Ward claims the collection letter misrepresented the amount of her debt. See Opp'n Def. Mot. at 4, ECF No. 21; Compl. ¶¶ 35-36, 52-53, ECF No. 1. According to the letter, she owed $1,722.11. She claims the balance was actually much lower, about $200. See id. CCS argues the letter was accurate. See Def. Mot. Summ. J. (Def. Mot.) at 3-4, ECF No. 17-1 (summarizing account).
Ward filed this case against CCS for alleged violations of federal and state laws requiring accurate descriptions of debts owed. See Compl. ¶¶ 29-78 (citing 15 U.S.C. §§ 1692g(a)(1), 1692e and Cal. Civ. Code §§ 1788-1788.32). Both Ward and CCS now move for summary judgment, advancing competing theories of the debt's history. See generally Def. Mot.; Ward Mot. Summ. J. (Ward. Mot.), ECF No. 22-4. The parties' cross motions are fully briefed. See Opp'n Def. Mot.; Opp'n Ward Mot., ECF No. 23; Reply Def. Mot., ECF No. 24. The court held a hearing by videoconference and submitted both motions. Craig Sanders appeared for Ward, and Lori Quinn appeared for CCS. Mins., ECF No. 25.
II. LEGAL STANDARD
A court may grant summary judgment “if . . . there is no genuine dispute as to any material fact and the movant is entitled to judgment as a matter of law.” Fed.R.Civ.P. 56(a). The “threshold inquiry” is whether “there are any genuine factual issues that properly can be resolved only by a finder of fact because they may reasonably be resolved in favor of either party.” Anderson v. Liberty Lobby, Inc., 477 U.S. 242, 250 (1986).
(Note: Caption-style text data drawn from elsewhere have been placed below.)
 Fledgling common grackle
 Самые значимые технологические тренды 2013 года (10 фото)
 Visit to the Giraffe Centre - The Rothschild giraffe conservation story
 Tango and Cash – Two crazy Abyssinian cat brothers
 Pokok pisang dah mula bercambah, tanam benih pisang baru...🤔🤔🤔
The moving party bears the initial burden of showing the district court “that there is an absence of evidence to support the nonmoving party's case.” Celotex Corp. v. Catrett, 477 U.S. 317, 325 (1986). The burden then shifts to the nonmoving party, which “must establish that there is a genuine issue of material fact ....” Matsushita Elec. Indus. Co. v. Zenith Radio Corp., 475 U.S. 574, 585 (1986). In carrying their burdens, both parties must “cit[e] to particular parts of materials in the record . . .; or show[] that the materials cited do not establish the absence or presence of a genuine dispute, or that an adverse party cannot produce admissible evidence to support the fact.” Fed.R.Civ.P. 56(c)(1); see also Matsushita, 475 U.S. at 586 (“[The nonmoving party] must do more than simply show that there is some metaphysical doubt as to the material facts”). Moreover, “the requirement is that there be no genuine issue of material fact ....Only disputes over facts that might affect the outcome of the suit under the governing law will properly preclude the entry of summary judgment.” Anderson, 477 U.S. at 247-48 (emphasis in original).
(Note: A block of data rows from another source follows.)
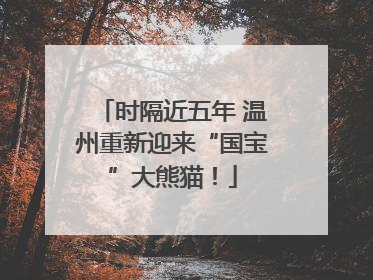 时隔近五年 温州重新迎来“国宝”大熊猫！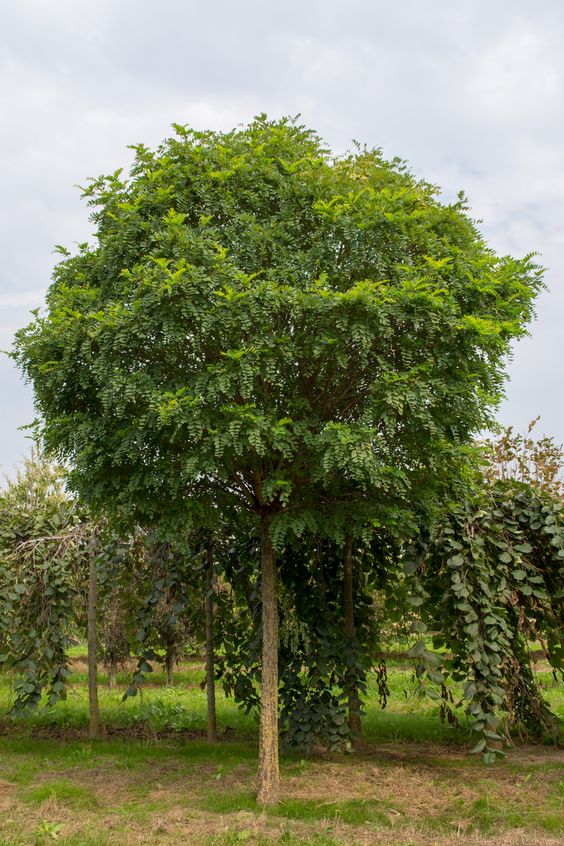 Baštenske sadnice, Lišćarsko drveće, Novo, Loptasti bagrem - Robinia umbraculifera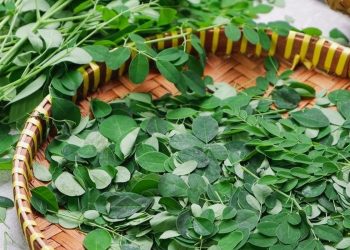 Manfaat Daun Kelor untuk Ibu Menyusui, Kaya Nutrisi dan Vitamin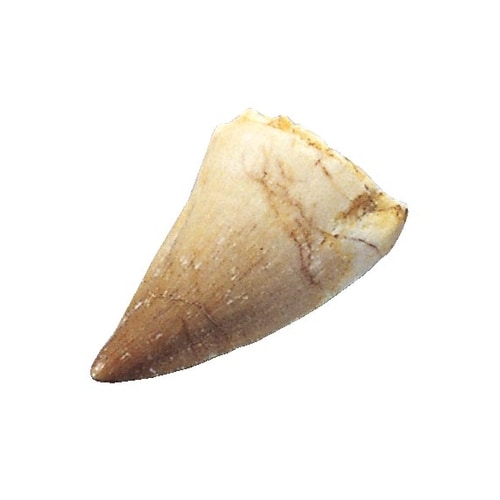 化石標本 モササウルスの歯化石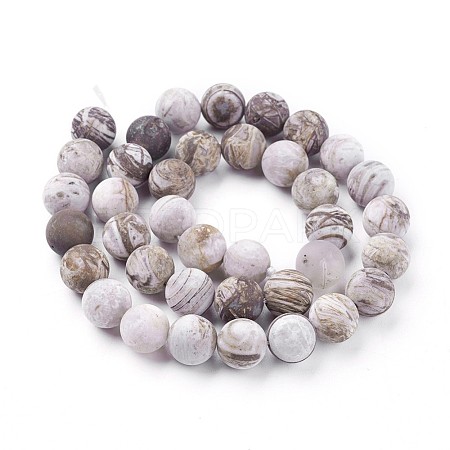 Natural America Petrified Wood Beads Strands G-P430-03-D-1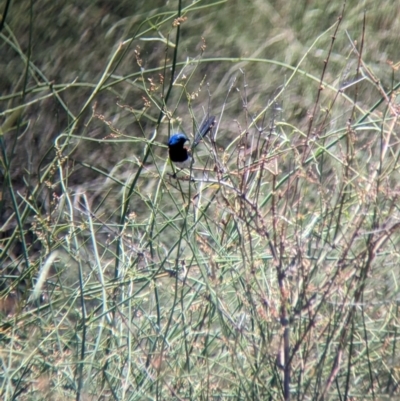 Malurus assimilis (Purple-backed Fairywren) at Kerang, VIC - 23 Dec 2022 by Darcy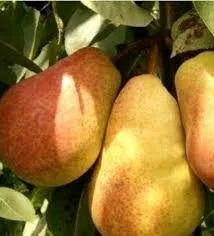 Груша Трапезница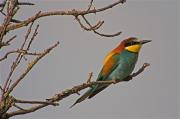 Abellerol (Merops apiaster)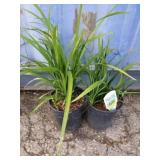 Two liriope big blue
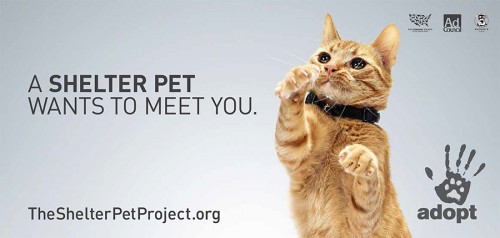 1. The Shelter Pet Project_1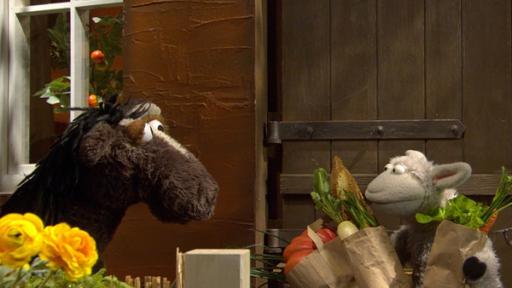 131. Ausgesperrt! | Rechte: NDR/Sesame Workshop - Screenshot Wolle und Pferd können ihren Haustürschlüssel nicht finden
In deciding a motion for summary judgment, the court draws all inferences and views all evidence in the light most favorable to the nonmoving party. Matsushita, 475 U.S. at 587-88. “Where the record taken as a whole could not lead a rational trier of fact to find for the nonmoving party, there is no ‘genuine issue for trial.'” Id. at 587 (quoting First Nat'l Bank of Ariz. v. Cities Serv. Co., 391 U.S. 253, 289 (1968)).
III. ANALYSIS
The parties' dispute boils down to one conflict: when did Ward cancel her policy, June 2019 or November 2019? Ward claims she cancelled the policy in June. See Ward Mot. at 3. If so, then she owed no premiums to Farmers for the time between June and November, and the amount of her debt was lower than the amount in the letter. See id. at 2. Under this theory, Farmers' reductions to her debt were simply an acknowledgement that its records were wrong. See id. at 3-4. CCS argues Ward cancelled the policy in November. See Def. Mot. at 3-4. If so, she owed the higher amount in its letter because she had not paid premiums on the policy between June and November. See id. Under this theory, the reductions in Ward's debt are irrelevant; they came after the letter was mailed and had no effect on its accuracy. See id.
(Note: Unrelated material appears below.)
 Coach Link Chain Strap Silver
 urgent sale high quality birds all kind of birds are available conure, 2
In support of her argument that she cancelled her policy in June, Ward points to (1) emails with a Farmers representative showing an effective policy cancellation date of June 20, 2019, and (2) a “Letter of Experience” from Farmers, which confirms her insurance history and shows a policy end date of June 20, 2019. See Ward Mot. Exs. 1-2, ECF No. 22-3; Ward Decl. ¶ 15, ECF No. 22-2. Ward produced this evidence only recently, after the deadline for discovery had closed and after CCS had moved for summary judgment. See id. CCS supports its position with Farmers' business records, which show a cancellation date of November 6, 2019 and an “Adjustment to Cancellation” processed on January 13, 2020, for an apparently retroactive effective date of June 20, 2019. See Stoddard Decl. Ex. F, ECF No. 17-4. CCS also produced its own records, which show it credited Ward's outstanding debt after she had contacted Farmers in January. See Stoddard Decl. Ex. B, E. Finally, CCS cites one of Ward's responses to its request for admissions: she admitted she cancelled her policy in November, not June. Quinn Suppl. Decl. Ex. K ¶ 12, ECF No. 23-2.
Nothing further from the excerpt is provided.